#### [Exercise directions]
Set down the records that follow exactly, every line of them.

Top of Dataset content

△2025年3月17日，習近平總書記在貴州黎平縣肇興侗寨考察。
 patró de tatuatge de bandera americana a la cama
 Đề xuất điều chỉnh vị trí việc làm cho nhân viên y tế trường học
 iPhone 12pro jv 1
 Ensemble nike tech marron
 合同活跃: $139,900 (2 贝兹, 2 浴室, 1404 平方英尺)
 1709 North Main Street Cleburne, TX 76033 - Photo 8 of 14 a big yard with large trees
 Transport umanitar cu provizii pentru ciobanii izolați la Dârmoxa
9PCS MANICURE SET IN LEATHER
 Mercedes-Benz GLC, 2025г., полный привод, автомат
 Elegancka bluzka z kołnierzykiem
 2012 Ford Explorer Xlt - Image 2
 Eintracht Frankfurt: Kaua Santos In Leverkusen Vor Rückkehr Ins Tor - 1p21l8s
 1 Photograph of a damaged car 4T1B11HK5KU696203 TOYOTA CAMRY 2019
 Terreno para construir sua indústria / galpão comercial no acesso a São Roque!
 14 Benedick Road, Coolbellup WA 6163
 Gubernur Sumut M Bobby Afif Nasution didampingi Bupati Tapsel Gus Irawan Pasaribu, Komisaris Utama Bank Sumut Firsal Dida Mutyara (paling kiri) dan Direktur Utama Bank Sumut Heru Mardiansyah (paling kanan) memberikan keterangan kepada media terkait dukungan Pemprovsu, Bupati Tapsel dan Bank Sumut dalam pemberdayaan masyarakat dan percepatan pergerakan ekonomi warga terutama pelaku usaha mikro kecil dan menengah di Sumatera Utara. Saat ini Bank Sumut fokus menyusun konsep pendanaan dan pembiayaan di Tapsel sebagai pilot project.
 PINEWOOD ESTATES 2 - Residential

Bottom of Dataset content

#### [Written solution]
△2025年3月17日，習近平總書記在貴州黎平縣肇興侗寨考察。
 patró de tatuatge de bandera americana a la cama
 Đề xuất điều chỉnh vị trí việc làm cho nhân viên y tế trường học
 iPhone 12pro jv 1
 Ensemble nike tech marron
 合同活跃: $139,900 (2 贝兹, 2 浴室, 1404 平方英尺)
 1709 North Main Street Cleburne, TX 76033 - Photo 8 of 14 a big yard with large trees
 Transport umanitar cu provizii pentru ciobanii izolați la Dârmoxa
9PCS MANICURE SET IN LEATHER
 Mercedes-Benz GLC, 2025г., полный привод, автомат
 Elegancka bluzka z kołnierzykiem
 2012 Ford Explorer Xlt - Image 2
 Eintracht Frankfurt: Kaua Santos In Leverkusen Vor Rückkehr Ins Tor - 1p21l8s
 1 Photograph of a damaged car 4T1B11HK5KU696203 TOYOTA CAMRY 2019
 Terreno para construir sua indústria / galpão comercial no acesso a São Roque!
 14 Benedick Road, Coolbellup WA 6163
 Gubernur Sumut M Bobby Afif Nasution didampingi Bupati Tapsel Gus Irawan Pasaribu, Komisaris Utama Bank Sumut Firsal Dida Mutyara (paling kiri) dan Direktur Utama Bank Sumut Heru Mardiansyah (paling kanan) memberikan keterangan kepada media terkait dukungan Pemprovsu, Bupati Tapsel dan Bank Sumut dalam pemberdayaan masyarakat dan percepatan pergerakan ekonomi warga terutama pelaku usaha mikro kecil dan menengah di Sumatera Utara. Saat ini Bank Sumut fokus menyusun konsep pendanaan dan pembiayaan di Tapsel sebagai pilot project.
 PINEWOOD ESTATES 2 - Residential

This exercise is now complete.